Class CustomAnalyzer

java.lang.Object
org.apache.lucene.analysis.Analyzer
org.apache.lucene.analysis.custom.CustomAnalyzer
All Implemented Interfaces:
Closeable, AutoCloseable

public final class CustomAnalyzer extends Analyzer
A general-purpose Analyzer that can be created with a builder-style API. Under the hood it uses the factory classes TokenizerFactory, TokenFilterFactory, and CharFilterFactory.

You can create an instance of this Analyzer using the builder by passing the SPI names (as defined by ServiceLoader interface) to it:

 Analyzer ana = CustomAnalyzer.builder(Paths.get("/path/to/config/dir"))
   .withTokenizer(StandardTokenizerFactory.NAME)
   .addTokenFilter(LowerCaseFilterFactory.NAME)
   .addTokenFilter(StopFilterFactory.NAME, "ignoreCase", "false", "words", "stopwords.txt", "format", "wordset")
   .build();
 
The parameters passed to components are also used by Apache Solr and are documented on their corresponding factory classes. Refer to documentation of subclasses of TokenizerFactory, TokenFilterFactory, and CharFilterFactory.
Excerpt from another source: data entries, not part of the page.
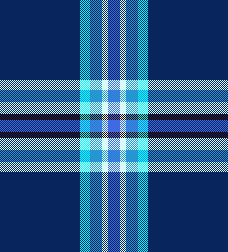 blue eyes brown hair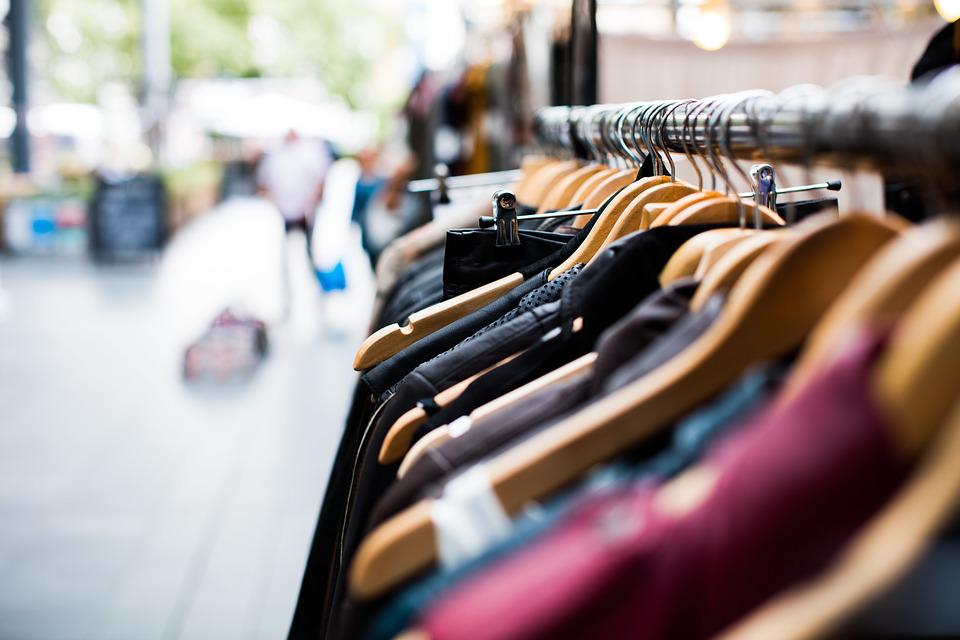 옷, 의류, 가게, 옷걸이, 매장(출처=pixabay)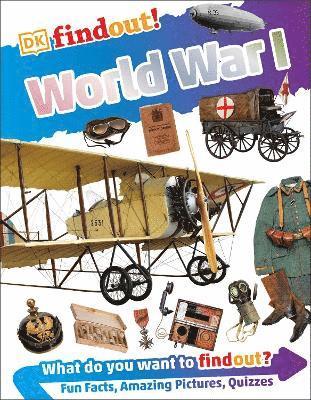 DKfindout! World War I av Dk, Dk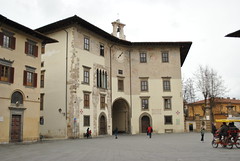 Pisa: Palazzo dell'Orologio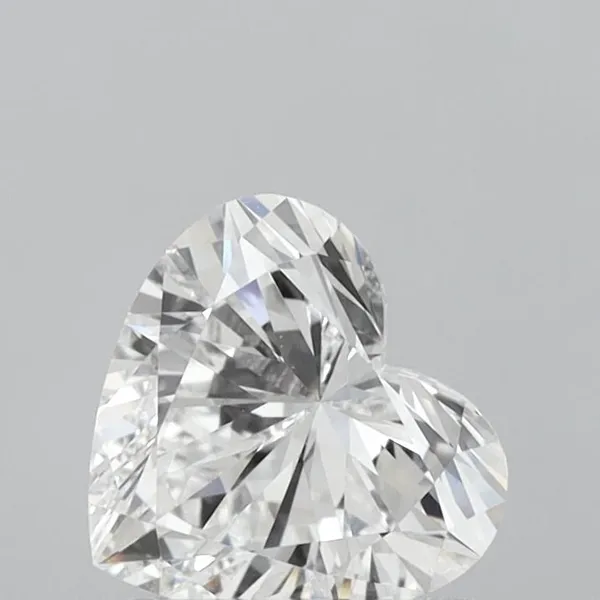 1.1ct HEART D VVS2 Lab diamond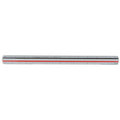 Staedtler Professional Triangular Scale Ruler, Metal Architecture Scale, 12 Inch, 987M1831Bk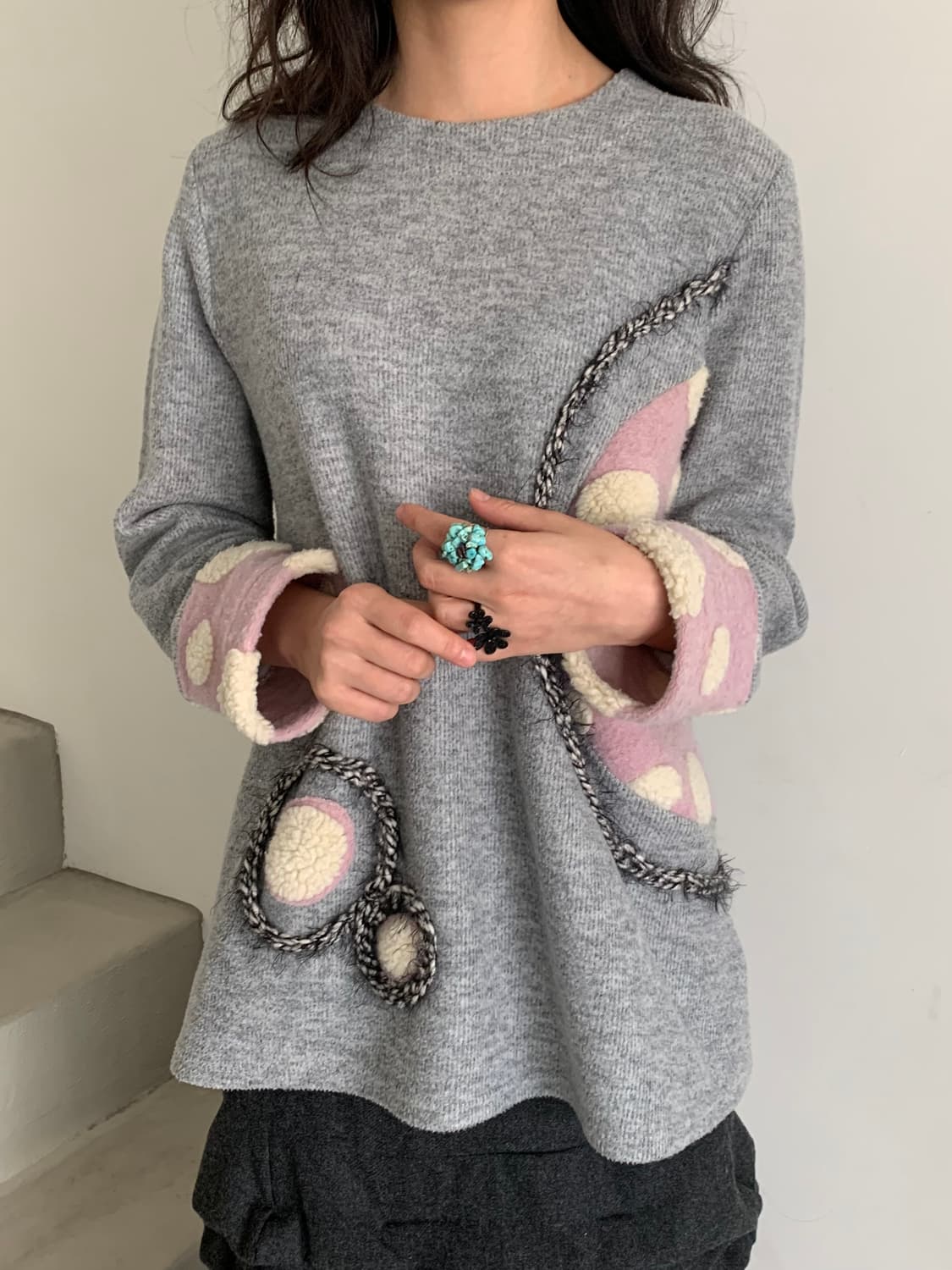 JPN vtg ring (set) 상품이미지2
This is the same as the above:

 Analyzer ana = CustomAnalyzer.builder(Paths.get("/path/to/config/dir"))
   .withTokenizer("standard")
   .addTokenFilter("lowercase")
   .addTokenFilter("stop", "ignoreCase", "false", "words", "stopwords.txt", "format", "wordset")
   .build();
 

The list of names to be used for components can be looked up through: TokenizerFactory.availableTokenizers(), TokenFilterFactory.availableTokenFilters(), and CharFilterFactory.availableCharFilters().
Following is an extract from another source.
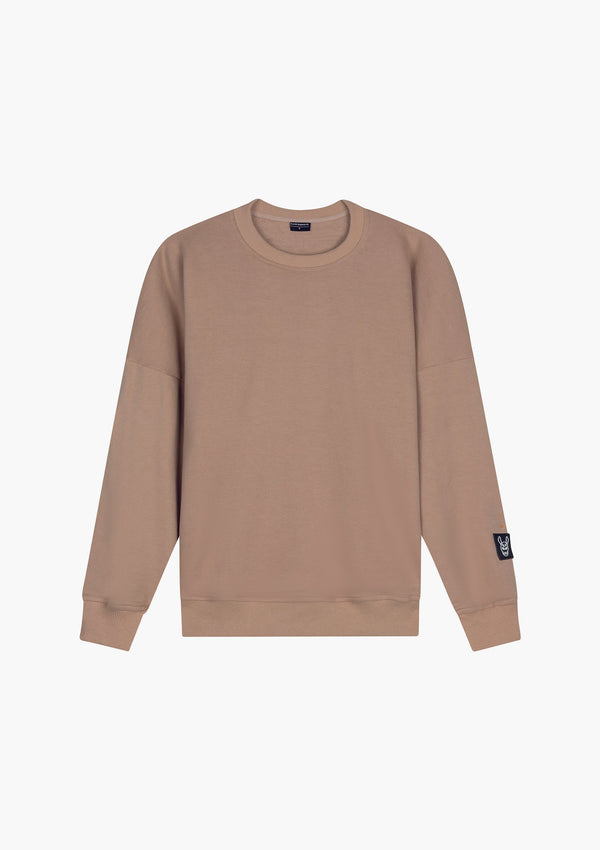 Mylène Oversised Sweater I Tan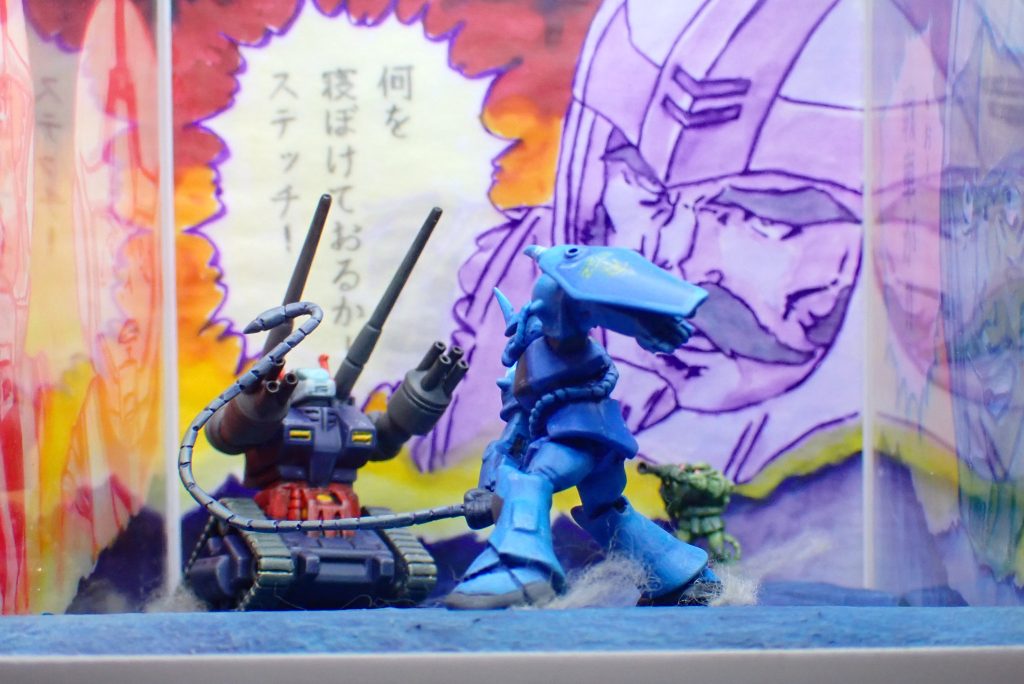 箱絵に近いのはこの角度かな〜。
You can create conditional branches in the analyzer by using CustomAnalyzer.Builder.when(String, String...) and CustomAnalyzer.Builder.whenTerm(Predicate):

 Analyzer ana = CustomAnalyzer.builder()
    .withTokenizer("standard")
    .addTokenFilter("lowercase")
    .whenTerm(t -> t.length() > 10)
      .addTokenFilter("reversestring")
    .endwhen()
    .build();
 
Since:
5.0.0